Its alright saying stay in the middle Tugs until a flaming great fishing boat comes hammering around the corner at full chat. I found out the hard way when rowing the Caledonian canal for charity. To call it a canal is miss leading as most of it is big lochs and yes Loch Ness is one of them and its never ending. Ive never worn a life jacket since rowing up Loch Ness. My arse hurt that much I took it off and sat on it. I was miles from the shore anyway and figured if I fell out I would be dead within 10 minutes from the cold anyway.

Although I fail to see where you could have gone aground anywhere along there Kev FFS!  its just deep everywhere. I suspect you went the wrong side of a marker down a tributory or something. Maybe you tried to sail up the River Ness I dunno. 

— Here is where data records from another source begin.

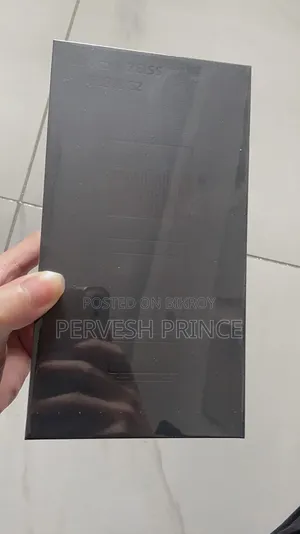 Vivo X300 Ultra Photography Lens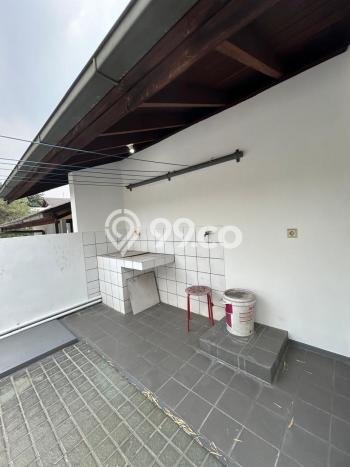 Disewakan Rumah Harga Terjangkau di Gandaria Jakarta Selatan Punya 3 KT Disewakan Rumah Harga Terjangkau di Gandaria Jakarta Selatan Punya 3 KT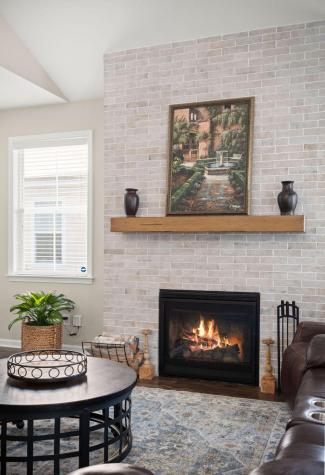 1044 Oak Bluff Avenue Charleston SC 29492
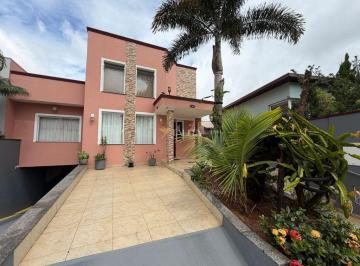 j7qm3ko2otk2mgvlntyyngzh_md · Casa à venda - Condomínio Green Valley - Cerquilho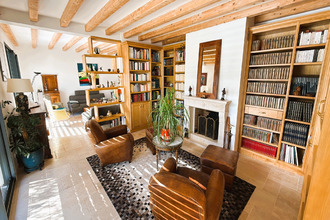  maison st-fortunat-sur-eyrieux 07360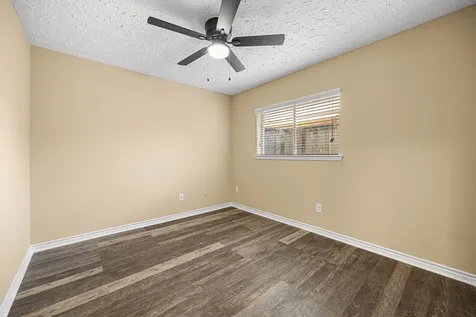 19615 Spanish Needle Drive Houston TX 77084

I once went up all 5 of the staircase locks at Fort Augustus in a 40ft Princess on my own. We had just come down Loch Ness in a gale and it was chucking it down. Mrs D was in a right strop and refused to speak to me or do anything. The lock keeper said "Wheres your crew?". "Its downstairs pished off and its not coming out"  He just let me get on with it on my own which I preferred to be honest although two extra arms would have been helpful.


----------



## tugboat (Sep 14, 2013)

OK, for the pedants..........

When I said "stay in the middle" I meant 'stay in the middleISH', i.e stay away from the hard bits. It is clear that Kev is nautically challenged, probably colour blind, and doesn't know his left hand from his right at the best of times. He should have just let Liz drive, whilst he lounged gracefully in his silk pyjamas.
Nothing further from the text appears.